Spring time oak leaf wine is herbal and light but with the young walnut must there is currently a smooth caramel like taste that is certainly richer. I am hoping the walnut leaf will be a stronger with a warmer nuttier taste coming through. Using my oak leaf wine as a guide I will need to let this mature for at least 18 months or possibly even two years. Six months from now I will have four bottles sealed and aging and the remaining 1.5 litres will sit in a small demijohn to oxidise. The idea is that this will make a fino like sherry as they often have nuttier tastes – there is no way I am investing in any flor yeast or moving to Jerez so lets agree to call it a Faux-no.

Before you start cover every surface that might come into contact with the leaves. Walnuts stain and were a traditional source of dyes and the leaves have the potential to stain wood and clothing.

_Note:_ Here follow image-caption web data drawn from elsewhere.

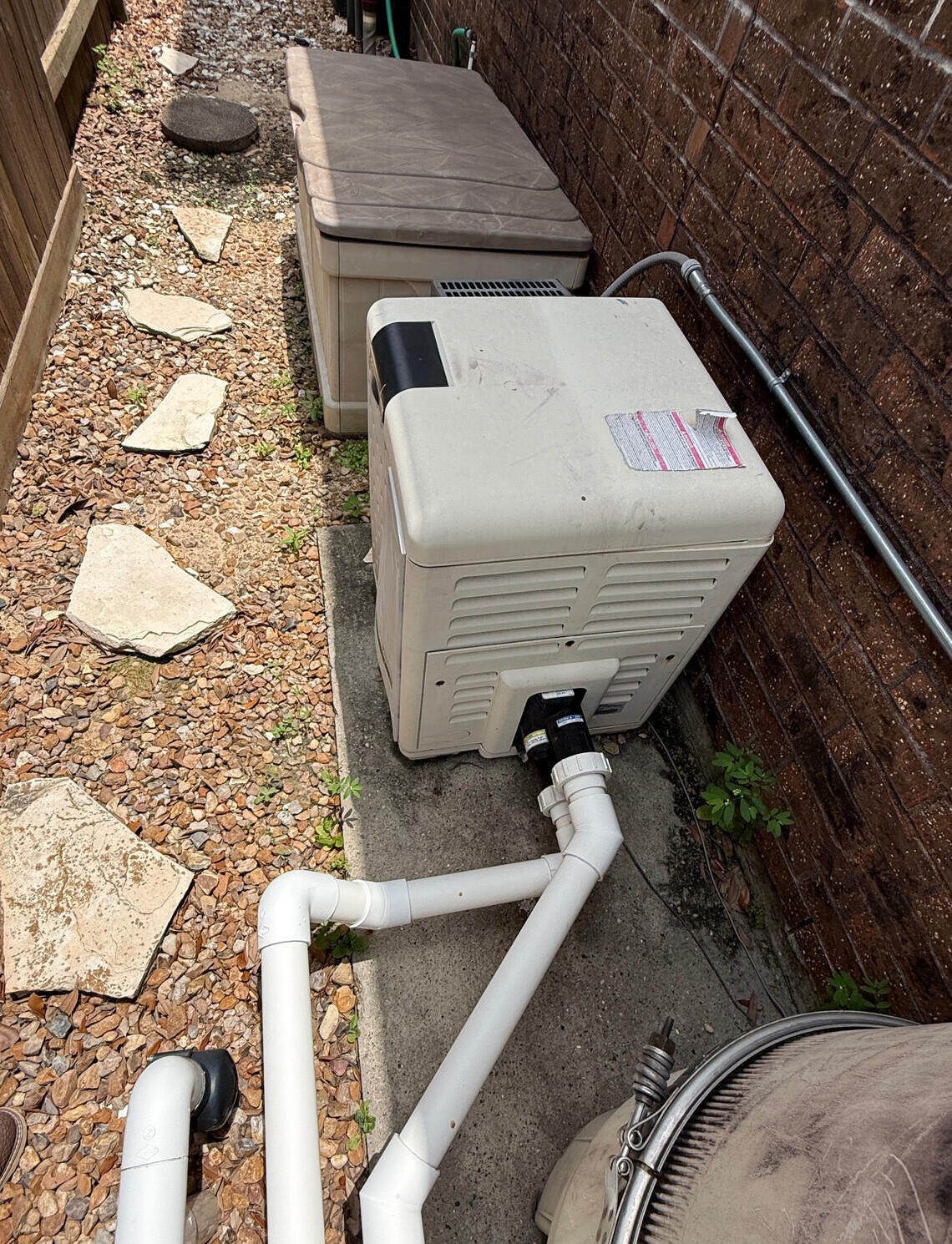 Before picture of a Pentair Mastertemp pool heater install in Katy, Texas, by Drew Pools.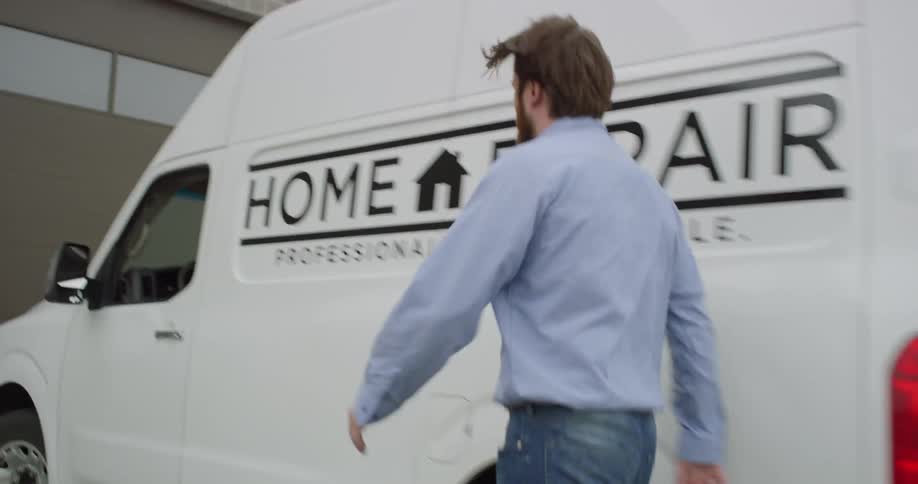 An employee climbs out of a work van and gets into the drivers seat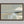 Pale Estuary shown in a walnut frame without a border or mount.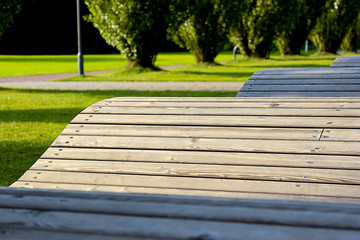 Wooden bench in the form of a wave to stay in the park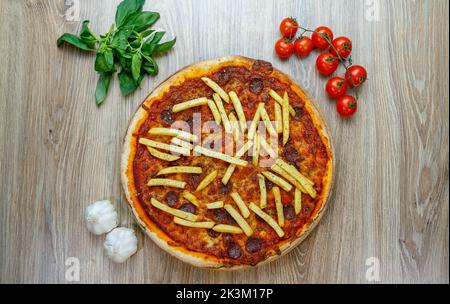 Une vue de dessus de Pizza Patatosa avec des saucisses chaudes et des frites dans la sauce tomate avec des ingrédients à côté Banque D'Images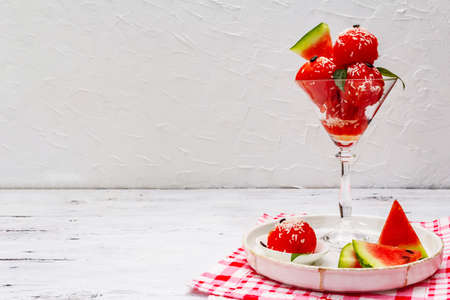 Sweet watermelon ice cream with coconut flakes and fresh basil leaves. Healthy dessert, white wooden boards background, copy spaceの写真素材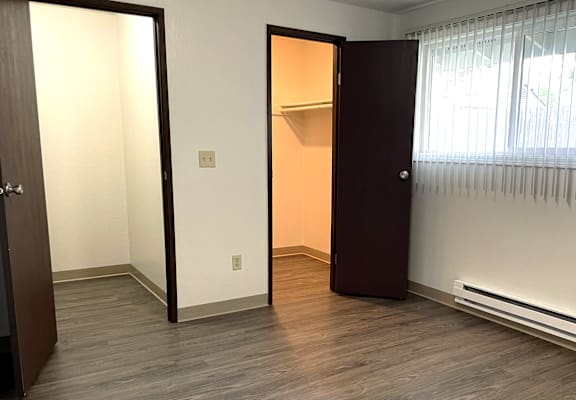 A room with a brown door and a white wall.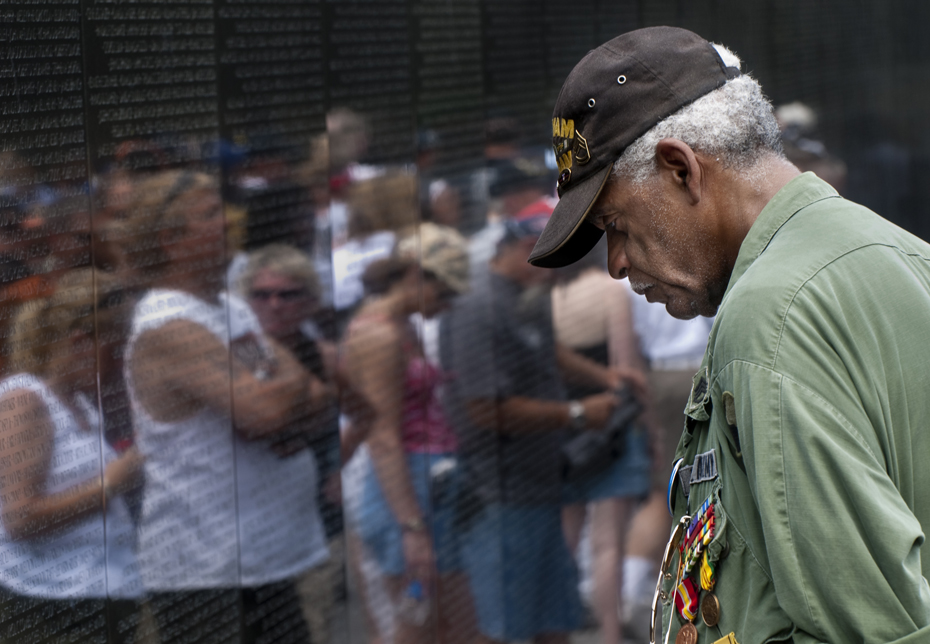 20070527212 Charles J. Smith stood in the same spot in front of the Vietnam Veterans Memorial for more than an hour.Wearing a green army jacket and holding a framed photograph behind his back, Smith bowed his head and stared at a name inscribed on the granite monument. The name was that of a friend, James E. Pierce.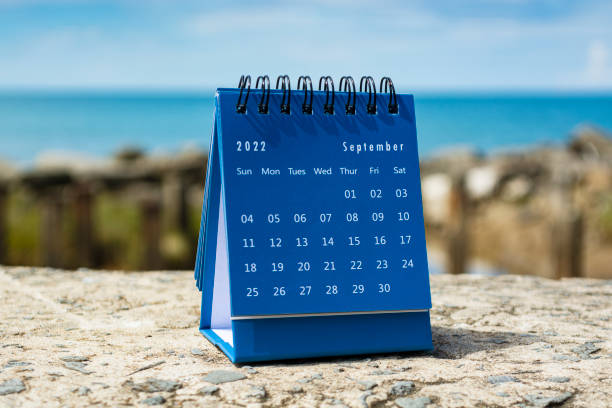 istock Blue September 2022 calendar on blurred background of blue ocean 1364606741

WALNUT LEAF WINE – 4.5 litres
Suitable yeasts – white wine like CL23, SN9 and others

Up to 1L freshly picked walnut leaves
200g raisins
1kg-ish sugar to 1.09SG
Juice of 4 oranges and zest of 2
Juice of 2 lemons and zest
Yeast nutrient
4.5l water

Walnut leaf wine ingredients
Walnut leaf wine ingredients

Pick and then rinse the leave to remove any hitch hiking spiders. Pour over the 3.5L of boiling water and leave for 24 hours. Any longer than one day soaking will release far too much bitter tannin that will dominate.

Walnut leaf wine infusing
One pan of leaves the other of zests and raisins

As the leaves steep boil the roughly chopped raisins and lemon and orange zest in the remaining litre of water.

Orange and lemons zested
Two oranges can be left un-zested

Sieve the leaves out of the water once the 24 hours has elapsed and combine with the raisins and zest. Add the sugar, lemon & orange juice and stir till the sugar has dissolved.

Soak strain mix ferment
Clockwise top left: Steeping leaves, strained away, added to the zests and raisins then in primary fermentation.

Add the yeast & nutrient according to its instructions. Leave to ferment in primary and then transfer to an air locked demijohn when fermentation slows after five to 10 days leaving the raisins and zests behind.

Walnut leaf wine end of primary
Lid removed just before being transferred to secondary fermentation.

Rack if sediment builds and certainly at one then two months to remove the settled yeast.
Leave to bulk age in a demijohn for as long as you can – six months at least.
Bottle and open a minimum 18 months after starting.